Edge detection is still a very challenging technical problem because of the following reasons [74]. For weakly supervised and unsupervised edge detection, the training of deep learning-based edge detectors usually relies on a large number of well-annotated images. The annotation process is time-consuming, expensive, and inefficient. In weakly supervised detection technology, only image-level annotations or part of bounding box annotations are used to train the detector, which is of great significance for reducing labor costs and improving detection flexibility [75]. For edge detection of small targets, detecting small targets in large scenes has always been a challenge. Some potential applications of this research direction include the use of remote sensing images to count wild animal populations and to detect the status of some important military targets. For dynamic video edge detection, real-time target tracking edge detection in high-definition video is of great significance for video surveillance and autonomous driving [76]. General edge detection is usually designed for images, while ignoring the correlation between video frames. Using spatio-temporal correlation to improve detection is an important research direction [77].
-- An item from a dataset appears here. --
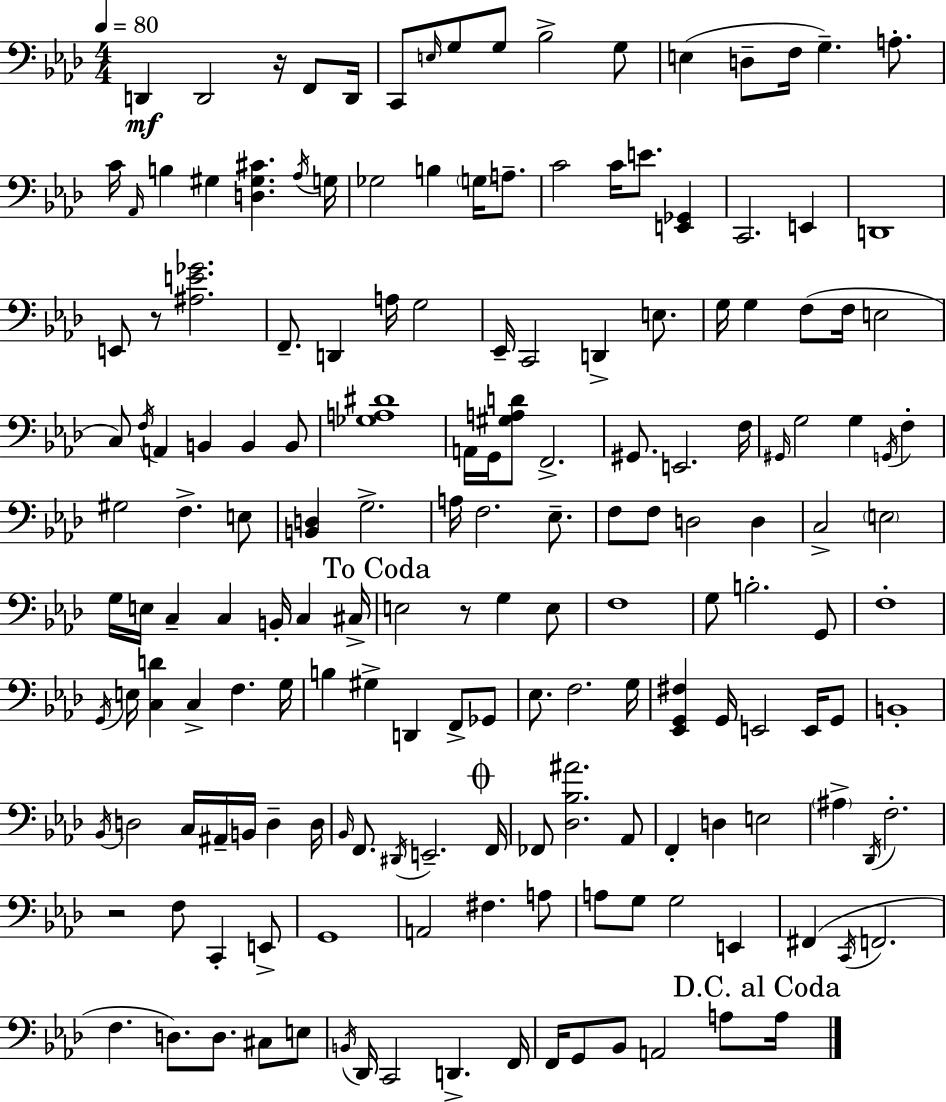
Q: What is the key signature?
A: AES major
With the rapid development of graphics processing and automated detection, improved classic edge detection algorithms and deep learning edge detection algorithms will become research hotspots [78]. Especially in complex scenes, algorithms with accurate image edge positioning, short algorithm response time, and strong antinoise ability will be an important research direction in the future [79].

Data Availability

The simulation experiment data used to support the findings of this study are available from the corresponding author upon request.

Conflicts of Interest

The authors declare that there are no conflicts of interest regarding the publication of this paper.

Acknowledgments

This work was supported by the Natural Science Fund Project of Gansu Province (No. 21JR7RA300), the Open Project of Gansu Provincial Research Center for Conservation of Dunhuang Cultural Heritage (No. GDW2021YB15), the Science Foundation of Shanxi Province of China (2021JM-344), and Shanxi Key Laboratory of Intelligent Processing for Big Energy Data (No. IPBED7).